* _WHAT THIS TASK INVOLVES_: Reproduce, exactly and in full, only the lines below from the one containing "ニトリ クイーンベッドフレーム(NS-001 浅型/BK) : ニトリ Yahoo!店" through the one containing "non-hedge（ノンヘッジ） セットアップ フェイクファー付フード".

* _SUPPLIED RECORDS_:
=-=-=-=-=

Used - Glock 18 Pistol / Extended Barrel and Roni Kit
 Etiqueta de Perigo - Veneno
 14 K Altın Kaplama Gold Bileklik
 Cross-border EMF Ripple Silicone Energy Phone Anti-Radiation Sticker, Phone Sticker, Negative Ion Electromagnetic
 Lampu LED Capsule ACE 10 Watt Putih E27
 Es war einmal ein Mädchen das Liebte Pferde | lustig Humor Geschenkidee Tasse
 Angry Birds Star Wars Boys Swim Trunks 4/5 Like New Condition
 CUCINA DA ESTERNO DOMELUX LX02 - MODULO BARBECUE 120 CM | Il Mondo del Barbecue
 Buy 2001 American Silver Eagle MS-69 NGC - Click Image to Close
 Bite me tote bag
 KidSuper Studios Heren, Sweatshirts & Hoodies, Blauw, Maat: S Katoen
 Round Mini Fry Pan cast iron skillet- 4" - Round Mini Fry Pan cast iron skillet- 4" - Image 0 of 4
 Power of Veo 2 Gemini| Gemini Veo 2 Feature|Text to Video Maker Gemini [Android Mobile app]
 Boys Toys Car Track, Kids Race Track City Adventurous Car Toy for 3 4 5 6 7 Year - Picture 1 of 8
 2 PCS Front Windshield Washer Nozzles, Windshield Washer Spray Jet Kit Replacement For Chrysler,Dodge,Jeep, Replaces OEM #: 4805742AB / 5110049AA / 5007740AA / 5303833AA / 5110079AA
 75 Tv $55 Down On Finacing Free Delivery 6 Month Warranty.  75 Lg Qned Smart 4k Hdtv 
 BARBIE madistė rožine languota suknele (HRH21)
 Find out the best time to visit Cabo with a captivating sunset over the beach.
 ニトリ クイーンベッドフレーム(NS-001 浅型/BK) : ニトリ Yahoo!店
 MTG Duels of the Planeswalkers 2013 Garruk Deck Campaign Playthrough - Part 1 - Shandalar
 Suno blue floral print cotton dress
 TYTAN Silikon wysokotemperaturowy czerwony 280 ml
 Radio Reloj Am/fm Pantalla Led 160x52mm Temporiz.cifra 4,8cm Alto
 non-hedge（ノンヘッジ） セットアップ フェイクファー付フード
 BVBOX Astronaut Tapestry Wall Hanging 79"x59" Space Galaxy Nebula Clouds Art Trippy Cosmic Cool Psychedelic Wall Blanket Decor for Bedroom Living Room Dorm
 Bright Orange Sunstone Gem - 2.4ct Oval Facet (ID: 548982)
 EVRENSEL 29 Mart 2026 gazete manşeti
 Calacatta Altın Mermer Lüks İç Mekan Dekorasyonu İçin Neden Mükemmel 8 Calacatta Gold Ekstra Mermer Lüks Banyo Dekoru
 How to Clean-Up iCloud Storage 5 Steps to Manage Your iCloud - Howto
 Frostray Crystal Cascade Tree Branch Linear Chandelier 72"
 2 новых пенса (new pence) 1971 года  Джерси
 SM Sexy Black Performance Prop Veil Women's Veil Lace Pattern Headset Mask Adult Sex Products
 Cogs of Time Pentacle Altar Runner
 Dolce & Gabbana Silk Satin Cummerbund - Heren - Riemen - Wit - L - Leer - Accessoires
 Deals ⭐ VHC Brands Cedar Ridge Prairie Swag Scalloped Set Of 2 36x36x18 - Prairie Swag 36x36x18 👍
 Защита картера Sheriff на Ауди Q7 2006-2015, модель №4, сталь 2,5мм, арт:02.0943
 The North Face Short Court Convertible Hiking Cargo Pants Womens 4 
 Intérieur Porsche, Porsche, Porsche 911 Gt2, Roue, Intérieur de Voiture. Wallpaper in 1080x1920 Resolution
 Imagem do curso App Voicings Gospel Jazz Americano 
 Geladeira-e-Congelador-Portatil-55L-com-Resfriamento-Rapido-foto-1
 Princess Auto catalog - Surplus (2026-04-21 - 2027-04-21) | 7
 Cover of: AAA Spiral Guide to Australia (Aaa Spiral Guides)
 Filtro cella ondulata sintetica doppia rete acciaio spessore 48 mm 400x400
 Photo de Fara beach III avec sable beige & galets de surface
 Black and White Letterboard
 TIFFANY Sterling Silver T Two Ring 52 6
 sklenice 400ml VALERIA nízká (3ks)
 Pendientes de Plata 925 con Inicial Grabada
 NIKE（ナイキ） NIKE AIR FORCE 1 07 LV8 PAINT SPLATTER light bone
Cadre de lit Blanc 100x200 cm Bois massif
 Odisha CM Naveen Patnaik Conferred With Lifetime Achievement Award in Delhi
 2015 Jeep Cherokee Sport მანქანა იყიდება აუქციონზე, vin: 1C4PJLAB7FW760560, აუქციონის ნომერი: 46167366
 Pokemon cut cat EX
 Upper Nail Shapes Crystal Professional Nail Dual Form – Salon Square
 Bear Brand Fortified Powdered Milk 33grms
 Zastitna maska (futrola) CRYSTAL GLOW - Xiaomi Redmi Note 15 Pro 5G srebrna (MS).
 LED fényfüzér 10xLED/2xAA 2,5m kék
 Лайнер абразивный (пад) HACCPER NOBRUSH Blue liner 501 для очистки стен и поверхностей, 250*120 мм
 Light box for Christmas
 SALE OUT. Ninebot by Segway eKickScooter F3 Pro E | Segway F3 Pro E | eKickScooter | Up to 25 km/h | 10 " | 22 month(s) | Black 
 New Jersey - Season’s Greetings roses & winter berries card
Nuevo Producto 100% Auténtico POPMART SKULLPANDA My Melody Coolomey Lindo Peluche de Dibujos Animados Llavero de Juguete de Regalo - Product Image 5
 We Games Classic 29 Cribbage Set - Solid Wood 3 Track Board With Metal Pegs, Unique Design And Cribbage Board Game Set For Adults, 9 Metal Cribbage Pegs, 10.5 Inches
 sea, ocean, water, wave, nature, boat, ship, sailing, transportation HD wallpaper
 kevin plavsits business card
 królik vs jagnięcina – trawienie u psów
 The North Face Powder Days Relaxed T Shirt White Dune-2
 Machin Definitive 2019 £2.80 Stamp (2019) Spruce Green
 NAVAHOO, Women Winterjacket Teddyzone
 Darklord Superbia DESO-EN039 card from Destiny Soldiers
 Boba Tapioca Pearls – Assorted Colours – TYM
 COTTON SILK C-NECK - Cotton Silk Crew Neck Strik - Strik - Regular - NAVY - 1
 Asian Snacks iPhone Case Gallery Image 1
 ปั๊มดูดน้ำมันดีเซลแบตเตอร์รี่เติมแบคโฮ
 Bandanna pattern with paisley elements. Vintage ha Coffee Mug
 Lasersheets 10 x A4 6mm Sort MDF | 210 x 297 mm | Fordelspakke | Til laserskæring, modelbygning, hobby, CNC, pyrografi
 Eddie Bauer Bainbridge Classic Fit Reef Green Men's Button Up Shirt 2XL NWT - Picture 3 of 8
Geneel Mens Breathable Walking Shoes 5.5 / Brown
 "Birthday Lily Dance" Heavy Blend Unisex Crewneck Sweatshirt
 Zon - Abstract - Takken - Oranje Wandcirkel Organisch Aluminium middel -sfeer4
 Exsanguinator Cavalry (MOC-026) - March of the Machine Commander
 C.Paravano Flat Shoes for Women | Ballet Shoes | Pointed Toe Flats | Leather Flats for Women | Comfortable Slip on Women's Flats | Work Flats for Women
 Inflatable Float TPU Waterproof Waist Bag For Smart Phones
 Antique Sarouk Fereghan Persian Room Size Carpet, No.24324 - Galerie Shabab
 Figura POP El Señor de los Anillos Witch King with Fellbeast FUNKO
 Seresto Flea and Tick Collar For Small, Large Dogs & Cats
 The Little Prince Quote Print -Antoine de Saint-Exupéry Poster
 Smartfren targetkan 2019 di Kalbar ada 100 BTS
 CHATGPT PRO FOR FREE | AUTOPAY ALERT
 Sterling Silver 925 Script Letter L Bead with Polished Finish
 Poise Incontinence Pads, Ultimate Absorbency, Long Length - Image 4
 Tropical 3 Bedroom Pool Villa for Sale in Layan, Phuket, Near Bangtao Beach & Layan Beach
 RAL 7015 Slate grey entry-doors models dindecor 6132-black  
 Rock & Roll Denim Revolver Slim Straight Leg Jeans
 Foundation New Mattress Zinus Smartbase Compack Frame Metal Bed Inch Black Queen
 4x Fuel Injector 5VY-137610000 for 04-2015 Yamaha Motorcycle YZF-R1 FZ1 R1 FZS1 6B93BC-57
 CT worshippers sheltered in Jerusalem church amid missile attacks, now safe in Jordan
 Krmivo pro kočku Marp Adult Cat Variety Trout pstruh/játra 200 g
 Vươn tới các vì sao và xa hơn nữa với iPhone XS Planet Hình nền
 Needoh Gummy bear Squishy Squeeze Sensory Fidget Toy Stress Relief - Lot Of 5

=-=-=-=-=

* _YOUR SOLUTION_:
 ニトリ クイーンベッドフレーム(NS-001 浅型/BK) : ニトリ Yahoo!店
 MTG Duels of the Planeswalkers 2013 Garruk Deck Campaign Playthrough - Part 1 - Shandalar
 Suno blue floral print cotton dress
 TYTAN Silikon wysokotemperaturowy czerwony 280 ml
 Radio Reloj Am/fm Pantalla Led 160x52mm Temporiz.cifra 4,8cm Alto
 non-hedge（ノンヘッジ） セットアップ フェイクファー付フード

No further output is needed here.